Records from a dataset:
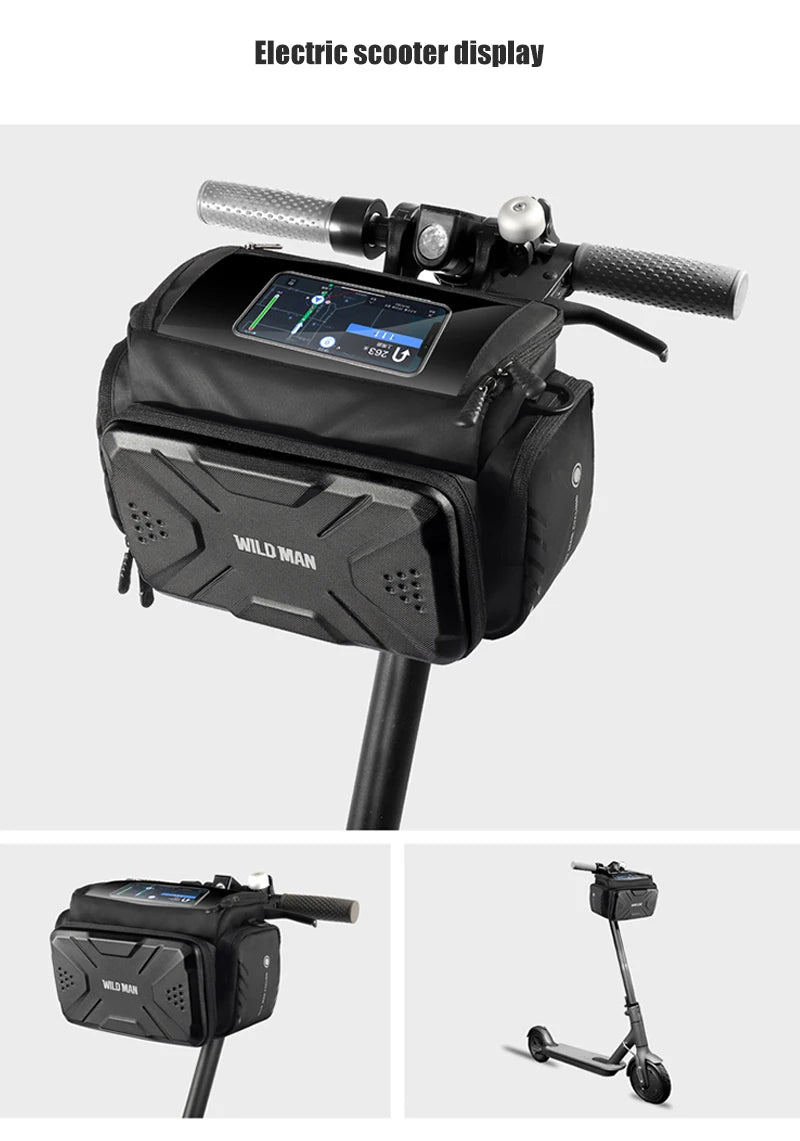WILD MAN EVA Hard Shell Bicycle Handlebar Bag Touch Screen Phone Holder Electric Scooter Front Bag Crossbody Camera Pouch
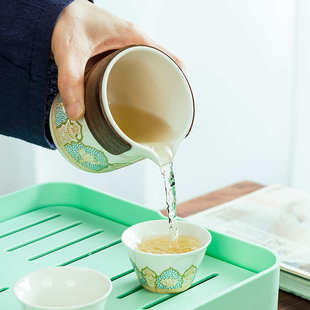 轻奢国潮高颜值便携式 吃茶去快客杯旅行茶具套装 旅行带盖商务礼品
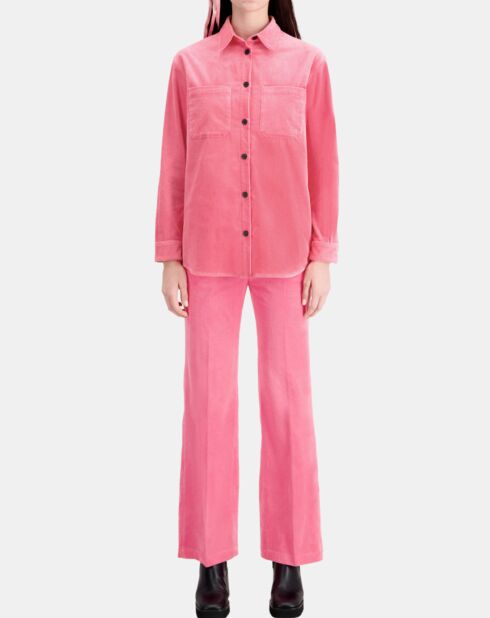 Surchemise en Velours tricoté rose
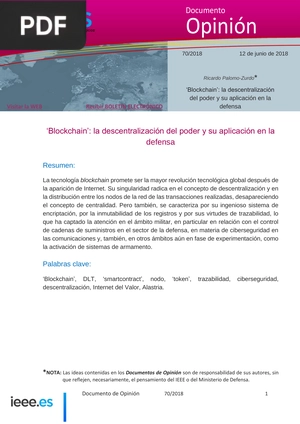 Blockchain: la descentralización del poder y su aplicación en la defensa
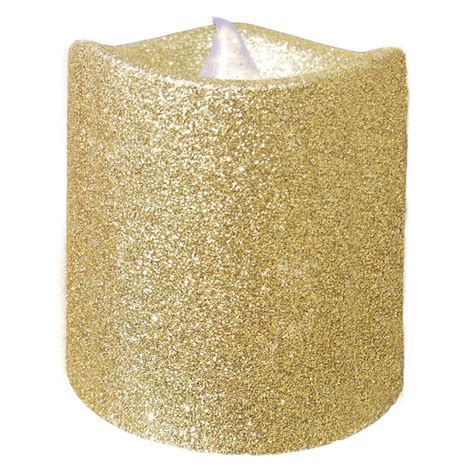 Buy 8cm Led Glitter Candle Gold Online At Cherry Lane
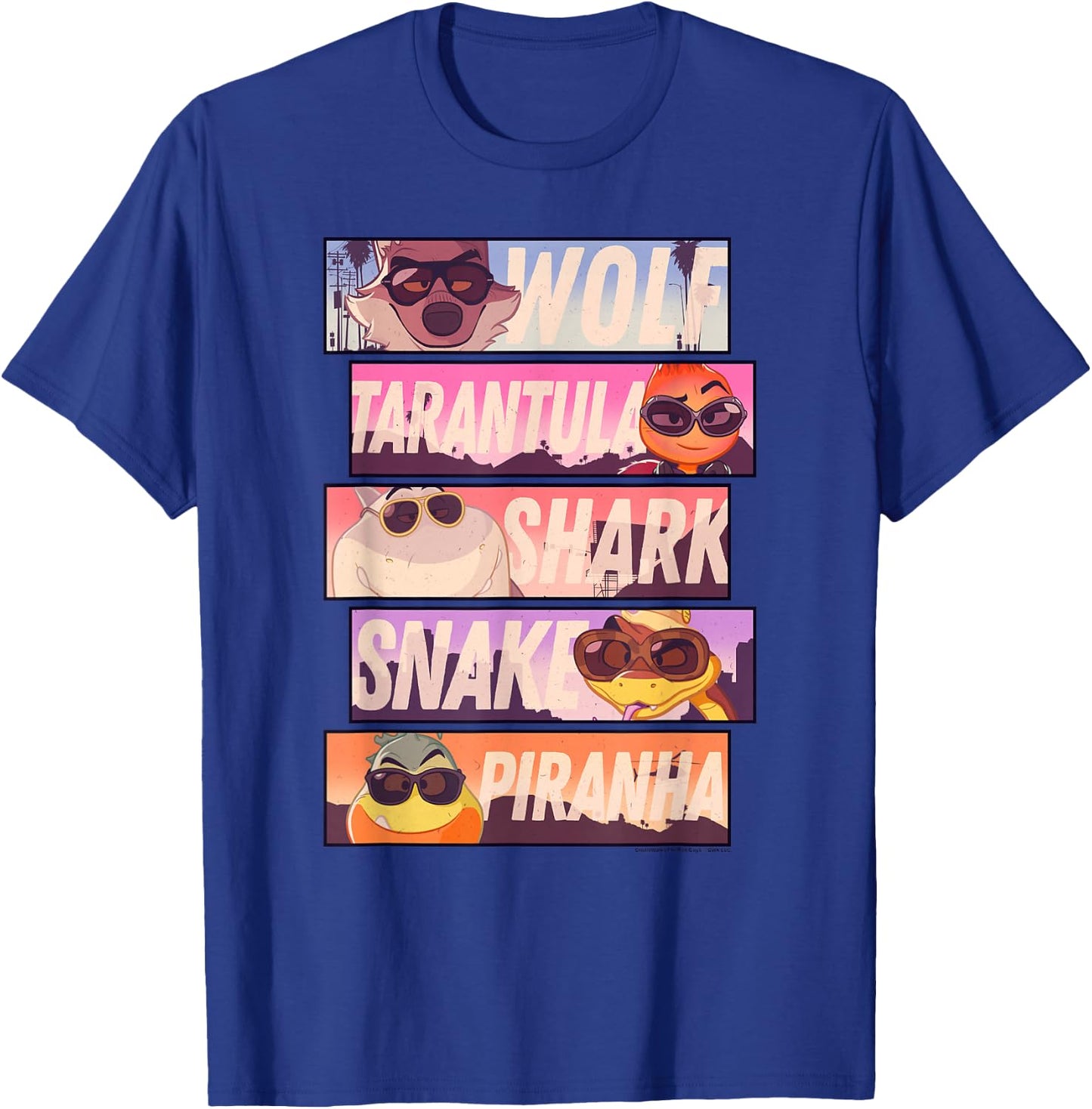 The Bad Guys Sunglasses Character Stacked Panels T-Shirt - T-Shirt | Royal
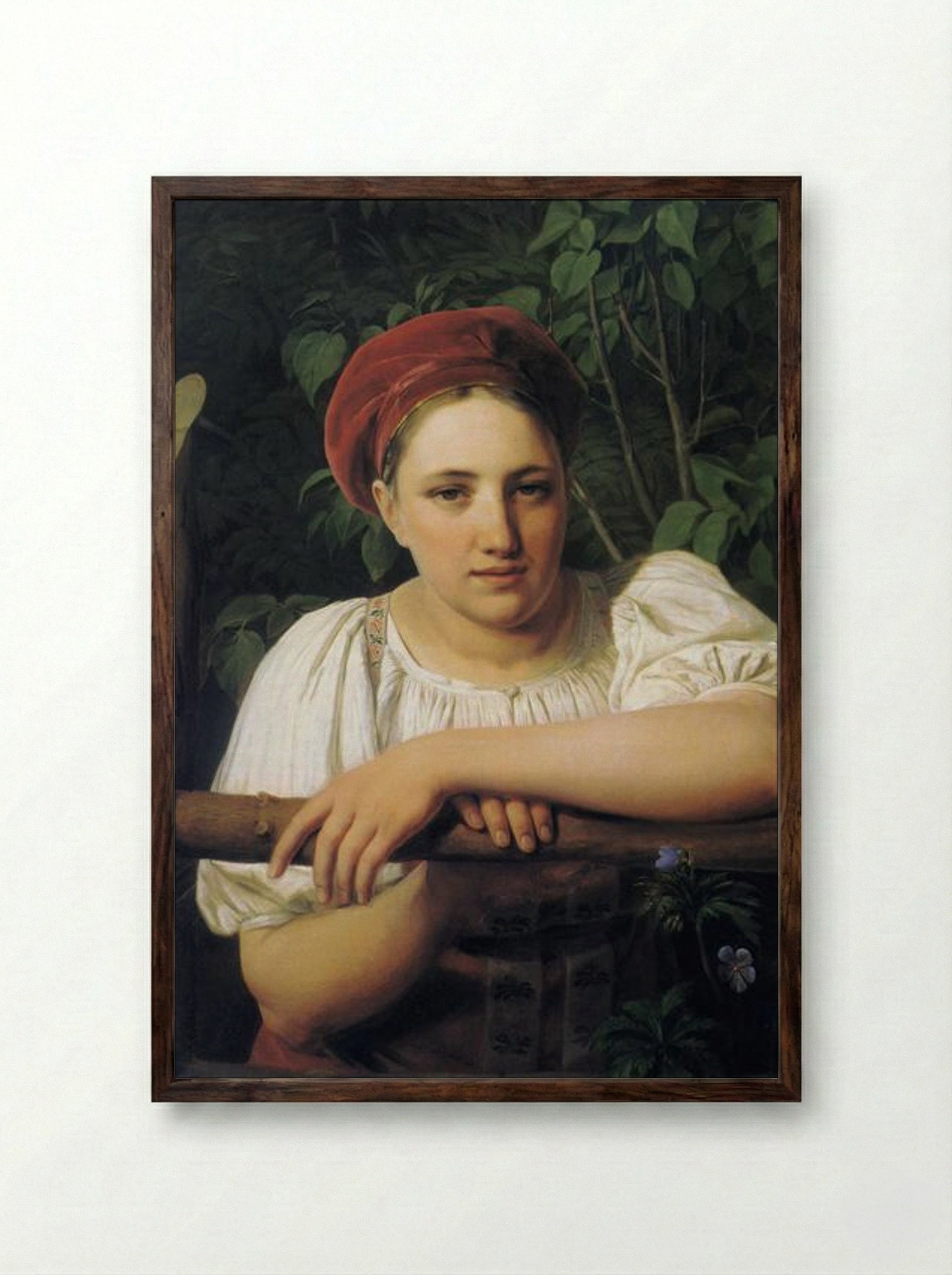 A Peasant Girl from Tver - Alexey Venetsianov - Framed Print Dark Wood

#### HOW TO COMPLETE THIS TASK
Output exactly the lines from the one that has "The Bad Guys" through the end of the data. Do not include pictures.

#### RESULT OF THIS EXERCISE
 The Bad Guys Sunglasses Character Stacked Panels T-Shirt - T-Shirt | Royal
 A Peasant Girl from Tver - Alexey Venetsianov - Framed Print Dark Wood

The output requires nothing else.